The Catalyst for Giving
As fundraisers, we are inundated with opportunities to become more effective practitioners of our profession. Knowledgeable individuals talk about cultivation as key to annual giving, major gifts, planned giving, and capital campaigns.
They speak about primary and secondary contacts, board involvement, the case statement, the five or six I’s, moves management software, and on and on.
All these elements, in some form, are necessary to success. But underlying them is the one reason why donors give, and continue to give, to your organization. And that is trust.
Of course, donors believe in your mission, respect your staff, board, and management. But the catalyst for success in fundraising is the trust your constituents have in you and your organization.
To earn trust requires actions that are ongoing and constant. They include honesty in all things.
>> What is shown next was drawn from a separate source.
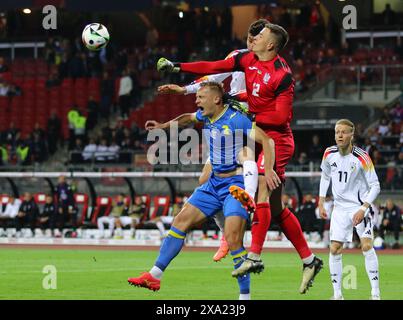 Norimberga, Germania. 3 giugno 2024. Portiere dell'Ucraina Anatoliy Trubin in azione durante l'amichevole Germania contro Ucraina al Max-Morlock-Stadion di Norimberga, Germania. Crediti: Oleksandr Prykhodko/Alamy Live News Foto Stock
Your organization is forthright. You are good stewards of your donors’ gifts. You treat your donors with respect.
Your organization does what it says it will do. You keep your promises. You have an implied contract with your donors. You have the desire and ability to help your donors by responding to questions and facilitating their involvement.
All you do is personal. You call donors to thank them for their gifts. Every major solicitation is personal. You minimize the use of letters. Your communications are one-on-one. You are not always asking for gifts, but you are always exhibiting a genuine interest in your prospects.
Your staff is always helpful. You look for ways to assist your donor. You are knowledgeable about your organizations. You are able to answer questions. You do your homework. You are always prepared.
Dedication to what you do is paramount. Donors quickly see your dedication to your organization and mission. Dedication generates respect and enables donor satisfaction.
Does exceeding expectations and going beyond them generate trust? You bet. Is it important? Absolutely! Trust is the lubricant for the cultivation process, for developing relationships, for the tie that binds. The gift that results is, as Bill Sturtevant says, “…a gesture symbolizing great trust.”